## What is being asked
With the pictures omitted, repeat exactly the lines below starting with the line that has "Photo 22 of" and going on through the line that has "Tabouret / table de chevet métallique".

## Source records
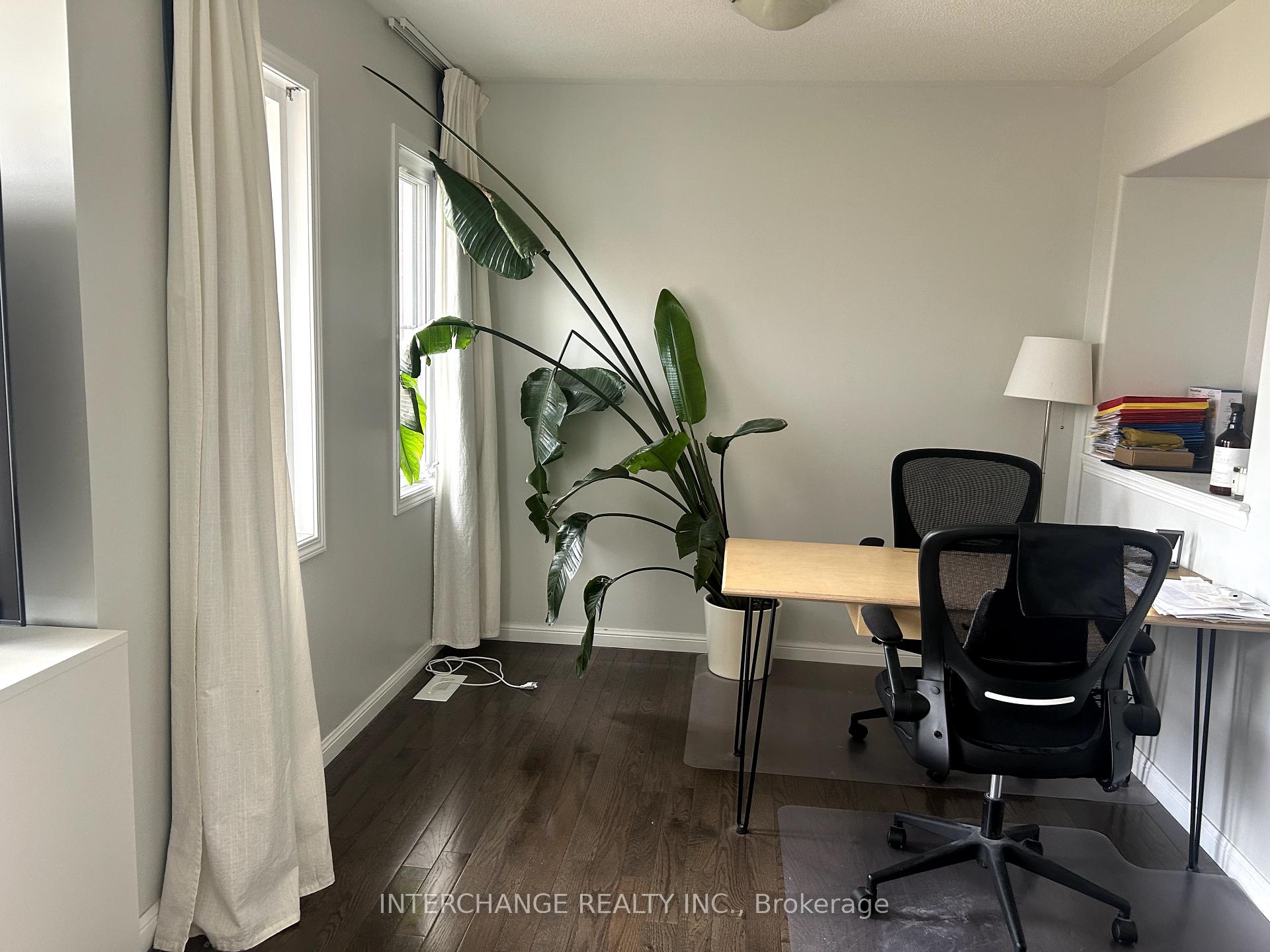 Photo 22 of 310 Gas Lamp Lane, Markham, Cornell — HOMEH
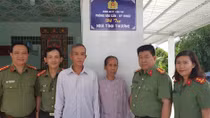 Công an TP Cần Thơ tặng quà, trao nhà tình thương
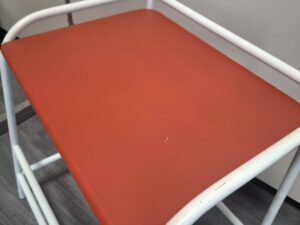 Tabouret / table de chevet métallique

==

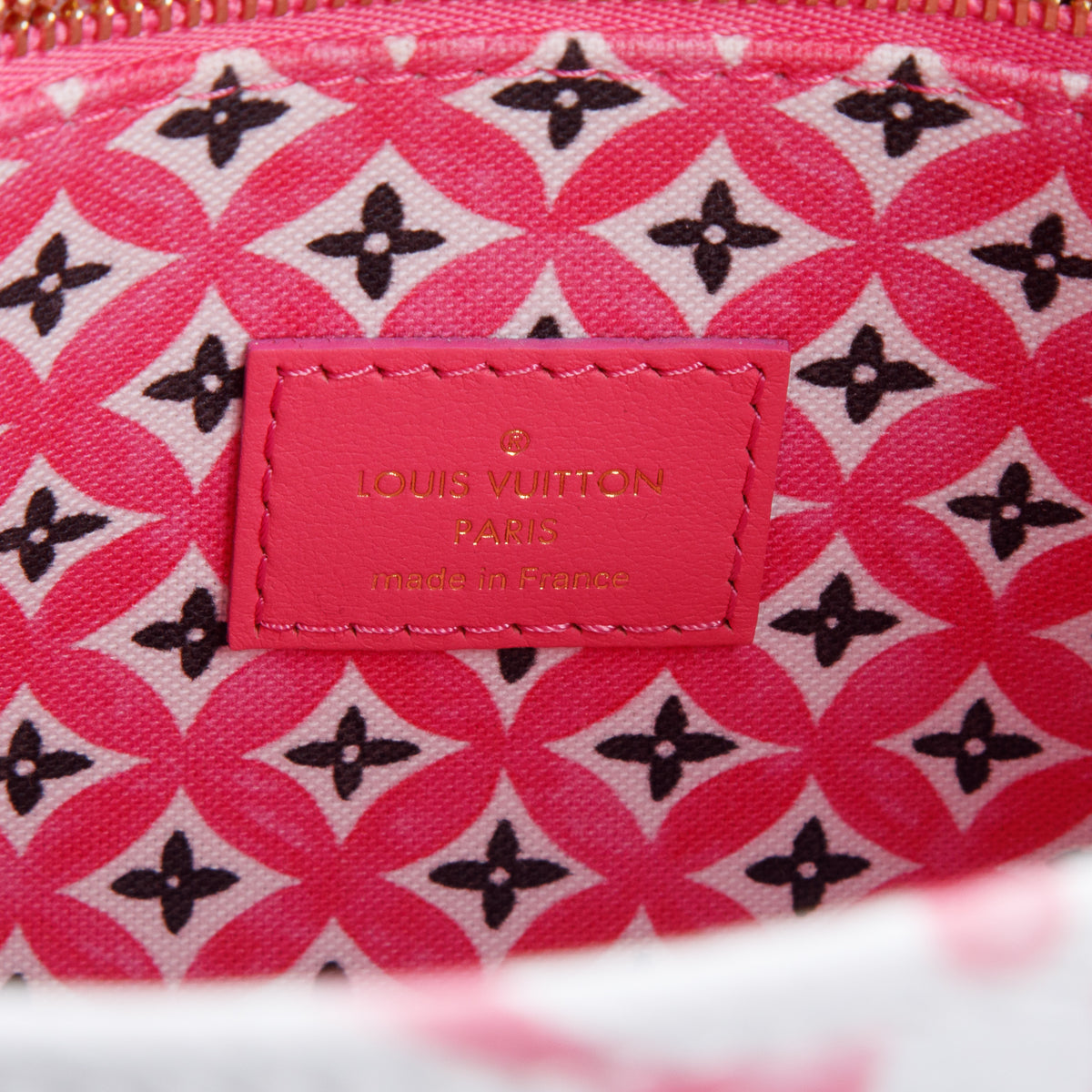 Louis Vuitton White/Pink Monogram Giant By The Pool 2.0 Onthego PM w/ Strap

## Result of the exercise
 Photo 22 of 310 Gas Lamp Lane, Markham, Cornell — HOMEH
 Công an TP Cần Thơ tặng quà, trao nhà tình thương
 Tabouret / table de chevet métallique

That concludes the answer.